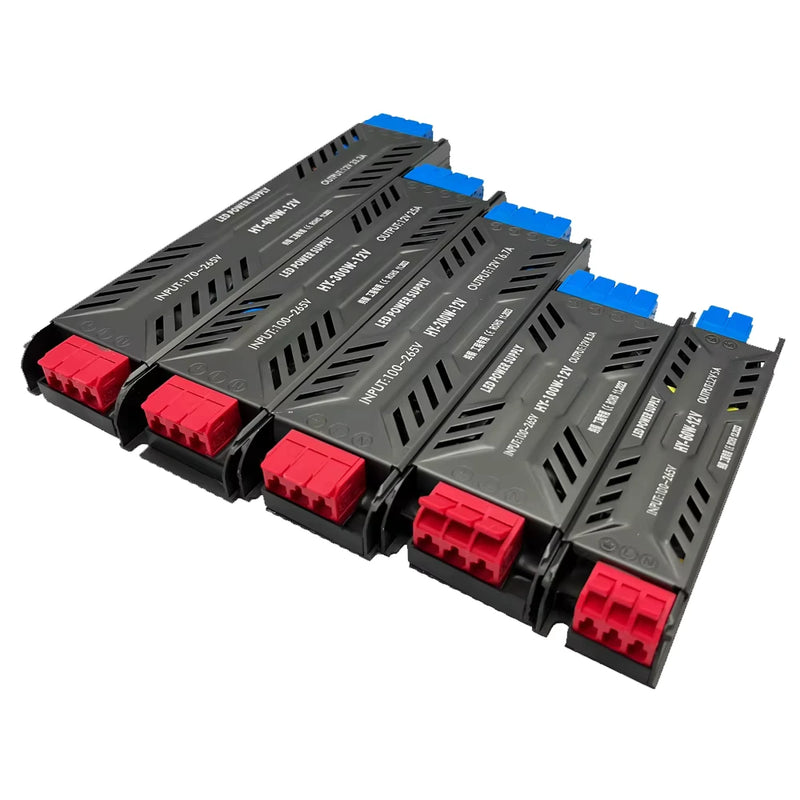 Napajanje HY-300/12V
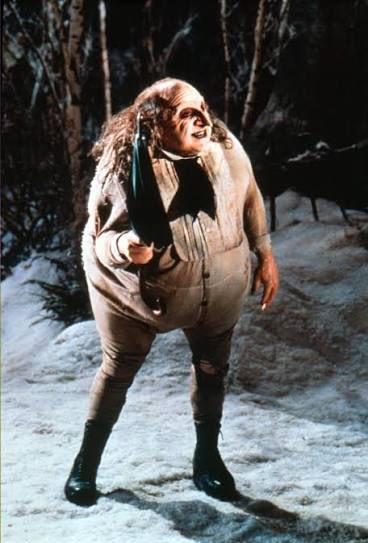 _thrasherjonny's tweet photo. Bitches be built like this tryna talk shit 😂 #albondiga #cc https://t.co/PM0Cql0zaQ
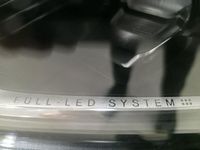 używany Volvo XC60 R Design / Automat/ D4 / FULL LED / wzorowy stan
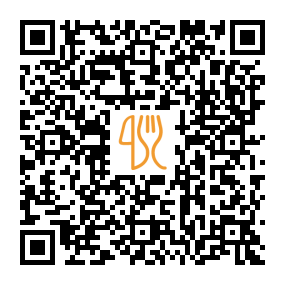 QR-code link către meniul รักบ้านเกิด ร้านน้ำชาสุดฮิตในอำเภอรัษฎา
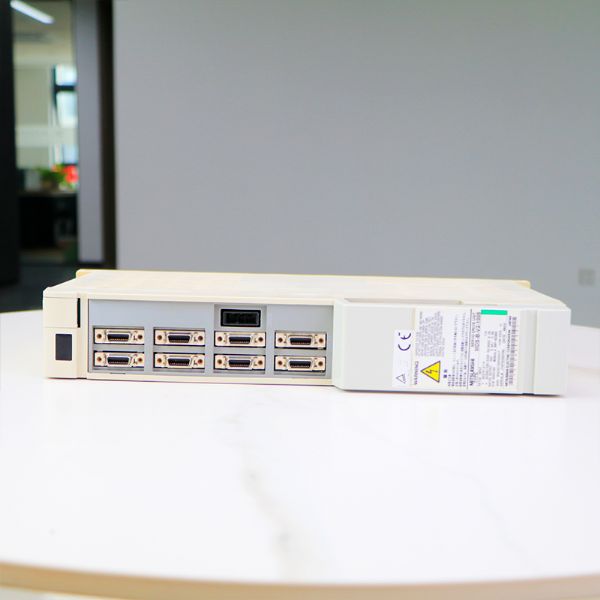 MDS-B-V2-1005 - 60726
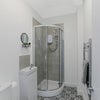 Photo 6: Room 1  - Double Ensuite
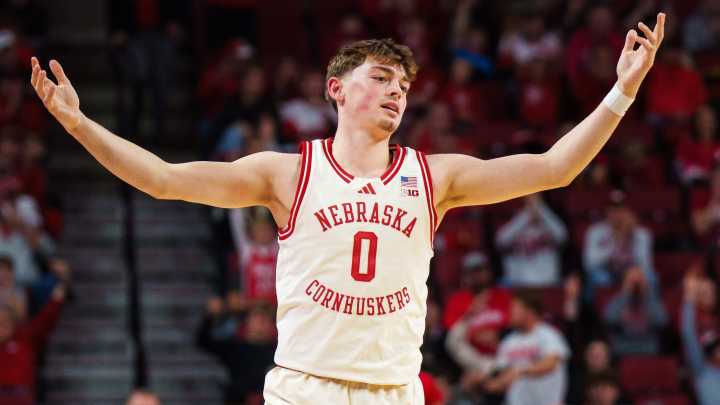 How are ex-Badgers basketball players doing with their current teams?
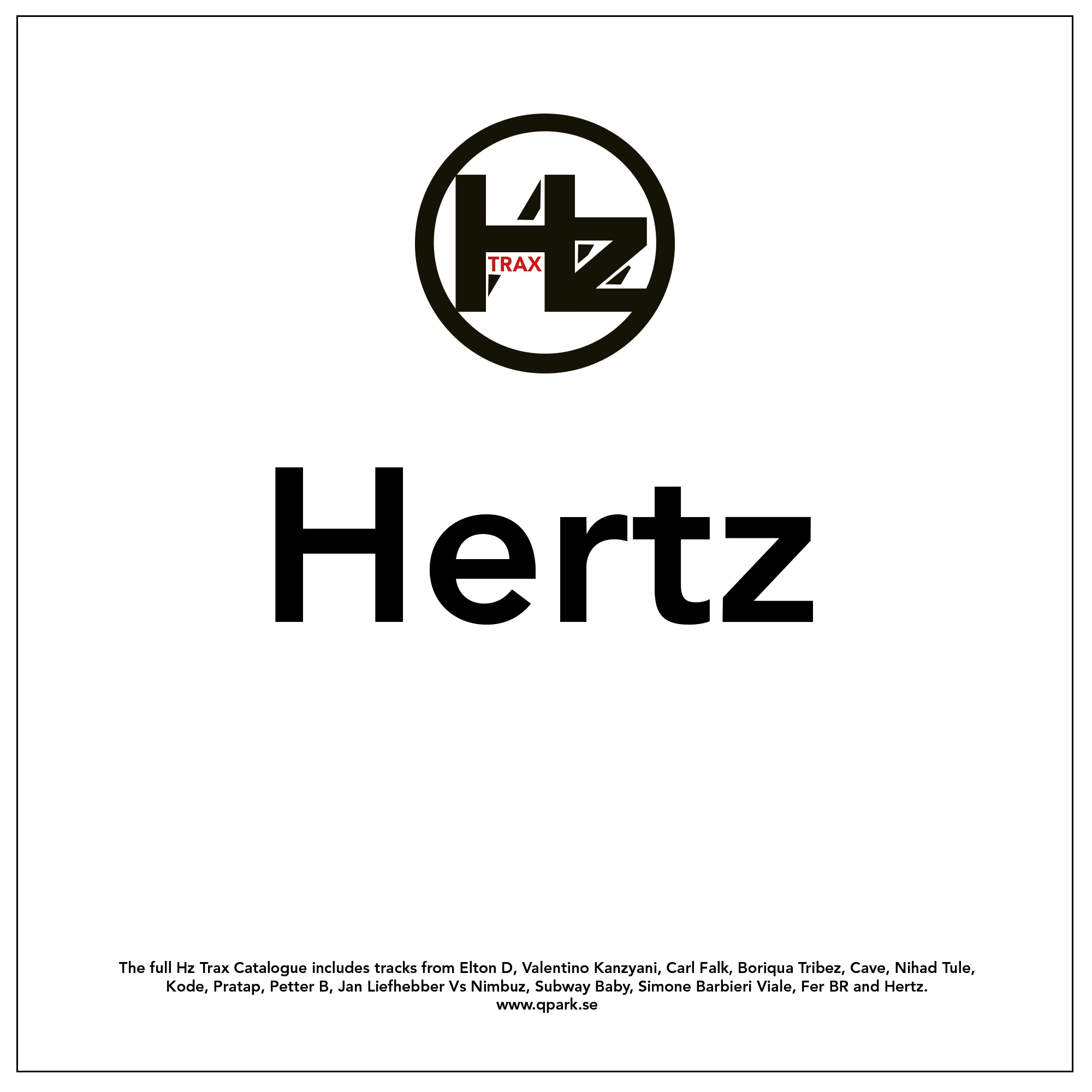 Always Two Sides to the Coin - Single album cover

##########

After locating the line that holds "Photo 6: Room", output exactly the lines from it through the last line of the material above, inclusive, without pictures.

Your response:
 Photo 6: Room 1  - Double Ensuite
 How are ex-Badgers basketball players doing with their current teams?
 Always Two Sides to the Coin - Single album cover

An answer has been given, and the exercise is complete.